%%
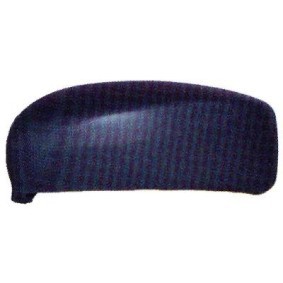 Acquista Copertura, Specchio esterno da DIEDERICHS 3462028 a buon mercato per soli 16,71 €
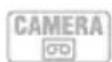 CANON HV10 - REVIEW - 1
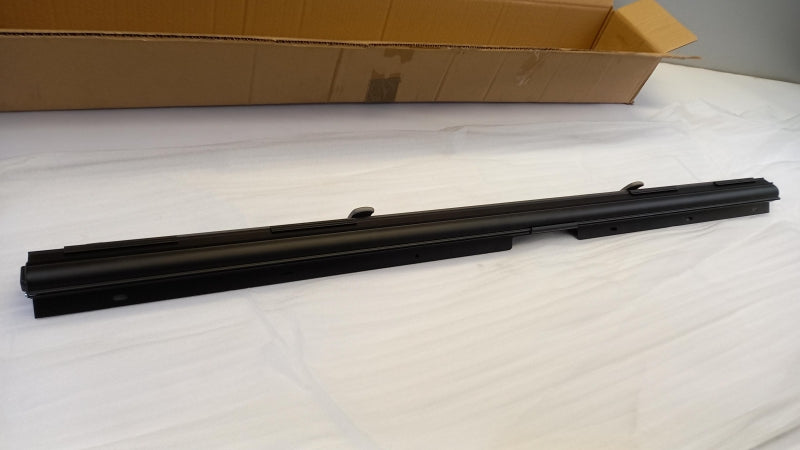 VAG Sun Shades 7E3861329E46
%%
%%
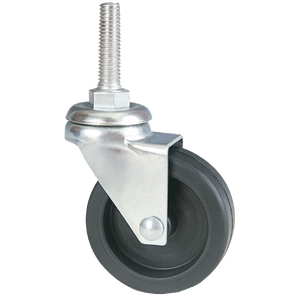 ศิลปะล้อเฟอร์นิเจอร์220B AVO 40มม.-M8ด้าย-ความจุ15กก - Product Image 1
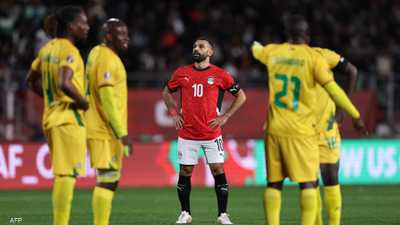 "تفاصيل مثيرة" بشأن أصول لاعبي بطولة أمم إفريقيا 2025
%%
%%
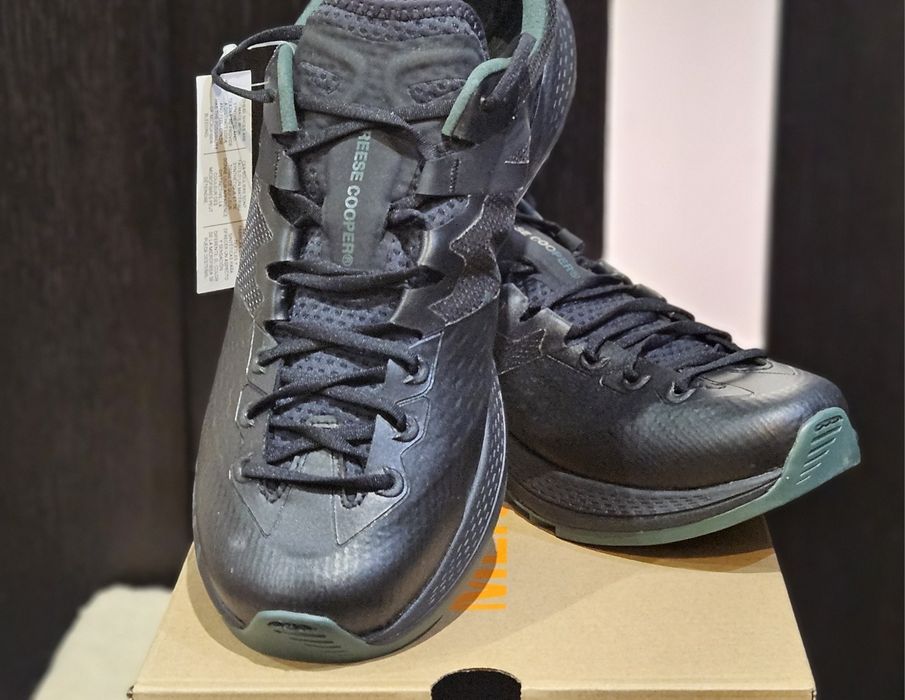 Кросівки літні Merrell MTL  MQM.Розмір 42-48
%%
**YOUR TASK:** Copy word for word the lines above, starting at the line containing "Acquista Copertura, Specchio" and ending at the line containing "VAG Sun Shades 7E3861329E46", inclusive, with no pictures.

**ANSWER SECTION:**
 Acquista Copertura, Specchio esterno da DIEDERICHS 3462028 a buon mercato per soli 16,71 €
 CANON HV10 - REVIEW - 1
 VAG Sun Shades 7E3861329E46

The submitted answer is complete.